#### [Available data]
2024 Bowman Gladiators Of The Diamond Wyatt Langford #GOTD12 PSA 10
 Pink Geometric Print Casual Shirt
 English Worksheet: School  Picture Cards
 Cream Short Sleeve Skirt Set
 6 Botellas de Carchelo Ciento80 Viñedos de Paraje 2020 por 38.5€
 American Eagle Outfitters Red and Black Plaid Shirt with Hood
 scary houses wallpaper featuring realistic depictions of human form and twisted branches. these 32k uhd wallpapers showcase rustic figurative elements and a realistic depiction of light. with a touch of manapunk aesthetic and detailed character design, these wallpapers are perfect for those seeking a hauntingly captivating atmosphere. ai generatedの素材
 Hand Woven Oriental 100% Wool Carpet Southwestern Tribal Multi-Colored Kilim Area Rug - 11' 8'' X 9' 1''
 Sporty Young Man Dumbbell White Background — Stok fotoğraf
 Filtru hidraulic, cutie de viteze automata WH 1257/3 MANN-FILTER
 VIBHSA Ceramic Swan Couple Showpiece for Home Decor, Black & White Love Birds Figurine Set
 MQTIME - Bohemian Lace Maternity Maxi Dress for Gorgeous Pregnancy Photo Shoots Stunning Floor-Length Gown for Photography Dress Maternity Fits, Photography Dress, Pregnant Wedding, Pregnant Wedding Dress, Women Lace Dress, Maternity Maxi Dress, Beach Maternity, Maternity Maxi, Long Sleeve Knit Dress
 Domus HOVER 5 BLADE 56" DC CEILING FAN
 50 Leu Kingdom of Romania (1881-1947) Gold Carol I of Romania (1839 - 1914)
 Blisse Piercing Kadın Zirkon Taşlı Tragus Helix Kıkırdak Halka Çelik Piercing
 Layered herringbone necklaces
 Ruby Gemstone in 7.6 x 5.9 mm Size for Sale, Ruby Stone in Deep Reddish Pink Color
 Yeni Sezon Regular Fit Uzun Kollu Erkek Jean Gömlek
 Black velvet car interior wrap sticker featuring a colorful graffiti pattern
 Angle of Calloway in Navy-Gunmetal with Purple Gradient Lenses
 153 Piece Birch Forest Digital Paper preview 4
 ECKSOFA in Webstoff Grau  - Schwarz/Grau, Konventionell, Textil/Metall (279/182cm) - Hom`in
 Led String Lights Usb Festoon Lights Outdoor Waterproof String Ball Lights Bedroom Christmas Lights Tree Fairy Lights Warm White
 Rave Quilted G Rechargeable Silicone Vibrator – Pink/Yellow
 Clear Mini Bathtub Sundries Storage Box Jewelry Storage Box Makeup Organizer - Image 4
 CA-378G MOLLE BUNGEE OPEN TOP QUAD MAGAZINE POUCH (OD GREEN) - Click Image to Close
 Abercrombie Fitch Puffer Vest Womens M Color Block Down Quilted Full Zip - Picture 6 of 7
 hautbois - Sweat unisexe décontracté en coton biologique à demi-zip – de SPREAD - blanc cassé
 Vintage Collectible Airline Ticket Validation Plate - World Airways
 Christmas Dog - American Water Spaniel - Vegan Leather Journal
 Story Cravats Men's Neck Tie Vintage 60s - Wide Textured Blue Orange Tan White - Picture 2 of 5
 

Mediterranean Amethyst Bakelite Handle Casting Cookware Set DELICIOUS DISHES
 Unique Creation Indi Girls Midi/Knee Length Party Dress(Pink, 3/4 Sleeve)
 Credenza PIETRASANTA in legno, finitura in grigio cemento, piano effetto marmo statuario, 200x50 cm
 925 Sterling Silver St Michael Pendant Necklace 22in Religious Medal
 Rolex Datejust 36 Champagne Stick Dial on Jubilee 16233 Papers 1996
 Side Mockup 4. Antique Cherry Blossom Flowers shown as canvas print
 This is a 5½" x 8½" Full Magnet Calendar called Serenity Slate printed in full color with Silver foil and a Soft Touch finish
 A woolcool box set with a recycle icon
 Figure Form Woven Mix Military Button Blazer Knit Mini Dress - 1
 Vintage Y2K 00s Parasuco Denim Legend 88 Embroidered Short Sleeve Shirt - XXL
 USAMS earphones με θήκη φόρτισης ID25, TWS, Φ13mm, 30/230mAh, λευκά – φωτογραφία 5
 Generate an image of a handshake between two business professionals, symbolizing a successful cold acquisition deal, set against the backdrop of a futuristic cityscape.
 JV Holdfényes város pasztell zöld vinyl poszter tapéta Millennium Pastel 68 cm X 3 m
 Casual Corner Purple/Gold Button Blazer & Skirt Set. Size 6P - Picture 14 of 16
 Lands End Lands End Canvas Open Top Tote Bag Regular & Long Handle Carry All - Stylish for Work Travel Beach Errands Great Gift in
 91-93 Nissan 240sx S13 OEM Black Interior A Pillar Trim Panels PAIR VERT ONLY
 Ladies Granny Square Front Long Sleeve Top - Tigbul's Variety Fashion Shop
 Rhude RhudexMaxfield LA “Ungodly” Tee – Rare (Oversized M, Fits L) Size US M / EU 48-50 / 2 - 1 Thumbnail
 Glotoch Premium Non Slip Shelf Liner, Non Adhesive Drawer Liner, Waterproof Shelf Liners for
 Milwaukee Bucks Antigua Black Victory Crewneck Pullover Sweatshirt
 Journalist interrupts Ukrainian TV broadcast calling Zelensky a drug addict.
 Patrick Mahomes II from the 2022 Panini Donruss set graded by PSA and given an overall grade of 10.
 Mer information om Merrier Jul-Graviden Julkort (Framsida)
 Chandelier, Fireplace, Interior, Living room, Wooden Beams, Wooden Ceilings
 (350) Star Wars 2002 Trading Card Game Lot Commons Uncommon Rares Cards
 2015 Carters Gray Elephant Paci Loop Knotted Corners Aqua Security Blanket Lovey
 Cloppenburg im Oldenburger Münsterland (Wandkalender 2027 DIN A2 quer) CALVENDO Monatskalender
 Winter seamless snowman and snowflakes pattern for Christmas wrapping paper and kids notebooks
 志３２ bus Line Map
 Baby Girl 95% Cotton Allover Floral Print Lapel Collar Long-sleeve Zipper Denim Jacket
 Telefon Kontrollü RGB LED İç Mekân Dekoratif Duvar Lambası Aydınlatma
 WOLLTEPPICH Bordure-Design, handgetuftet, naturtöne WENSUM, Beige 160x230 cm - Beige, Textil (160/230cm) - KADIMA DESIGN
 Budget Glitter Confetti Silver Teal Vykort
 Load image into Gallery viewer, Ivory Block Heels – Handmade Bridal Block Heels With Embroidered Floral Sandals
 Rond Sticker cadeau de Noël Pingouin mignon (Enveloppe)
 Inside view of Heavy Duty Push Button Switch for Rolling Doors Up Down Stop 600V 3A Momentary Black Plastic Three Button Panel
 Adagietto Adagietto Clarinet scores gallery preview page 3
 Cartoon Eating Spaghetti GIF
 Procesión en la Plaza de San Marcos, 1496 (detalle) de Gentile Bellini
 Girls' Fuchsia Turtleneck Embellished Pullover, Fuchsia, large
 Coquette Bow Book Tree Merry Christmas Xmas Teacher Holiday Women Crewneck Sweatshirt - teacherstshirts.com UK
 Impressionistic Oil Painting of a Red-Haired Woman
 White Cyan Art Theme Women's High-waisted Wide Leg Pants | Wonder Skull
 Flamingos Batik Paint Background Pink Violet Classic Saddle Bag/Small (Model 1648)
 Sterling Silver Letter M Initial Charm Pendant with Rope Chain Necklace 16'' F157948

#### [What is being asked]
Within the material above, transcribe exactly the lines that run from the line holding "志３２ bus Line Map" through the line holding "Cartoon Eating Spaghetti GIF".

#### [Exercise output]
 志３２ bus Line Map
 Baby Girl 95% Cotton Allover Floral Print Lapel Collar Long-sleeve Zipper Denim Jacket
 Telefon Kontrollü RGB LED İç Mekân Dekoratif Duvar Lambası Aydınlatma
 WOLLTEPPICH Bordure-Design, handgetuftet, naturtöne WENSUM, Beige 160x230 cm - Beige, Textil (160/230cm) - KADIMA DESIGN
 Budget Glitter Confetti Silver Teal Vykort
 Load image into Gallery viewer, Ivory Block Heels – Handmade Bridal Block Heels With Embroidered Floral Sandals
 Rond Sticker cadeau de Noël Pingouin mignon (Enveloppe)
 Inside view of Heavy Duty Push Button Switch for Rolling Doors Up Down Stop 600V 3A Momentary Black Plastic Three Button Panel
 Adagietto Adagietto Clarinet scores gallery preview page 3
 Cartoon Eating Spaghetti GIF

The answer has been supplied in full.